It’s a formula he’s revealed after just one day on the job — combining cameras, social media and an old-school coaching style for the new name-image-and-likeness era of college football (NIL).

After all, his nickname isn't "Prime Time” for nothing. Under the production of his son, cameras follow around Sanders and others, capturing meetings and moments to be posted and spread on social media, for better or worse.

The goal is simple — to increase exposure for the program, attract top recruits and boost the fame of his players, helping them increase opportunities to earn money from their NILs, which was allowed for the first time last year in the NCAA.

"We know how to do social media," Sanders told his team.

Sanders then turned to his son with the camera and asked him the best way to increase their followings.

“Just post,” said his son, also known as Bucky. “You’ve just got to post. … You've got all eyes on you right now. … Everybody want to know what y'all about to do, who y'all are, what everything is."

As the man with the camera and social media skills, Bucky Sanders also told the team what his job would be in the meantime.

"I'm going to make y'all the most famous people walking this planet," he said. "But you've got to win."

Sanders the coach explained it in his introductory news conference Sunday at Colorado.

"I want you to get ready to start seeing cameras because we film documentaries," he said.

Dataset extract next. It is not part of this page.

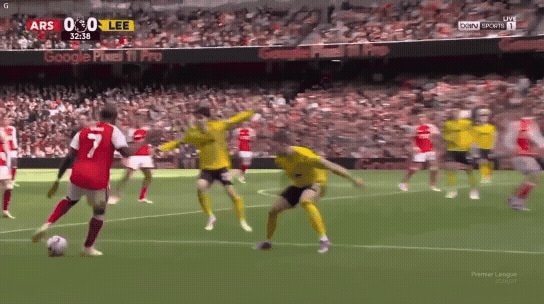 Bukayo Saka Temu moment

It's a carryover from his tenure at Jackson State in Mississippi, where his team went 12-0 this season and will be part of a docuseries on Sanders that will premier later this month on Amazon Prime. Some of the show will show his arrival at Colorado.

"The kids, they want exposure," Sanders said. "They want to be on television. They want the lights and the action, but they got to understand, the same thing that caused you to shine will show your blemishes as well. So we're going to give them that. We're going to give them the followers. We're going to give them the attention. We're going to give them the support, and we need each and every one of you, because the caliber of players that we're getting ready to bring to you, they gonna want something. But guess what, I'm going to want something back. I'm not crazy about the NILs, but I understand the NILs. … I'd rather our kids be focused on the NFL, and not just the NIL."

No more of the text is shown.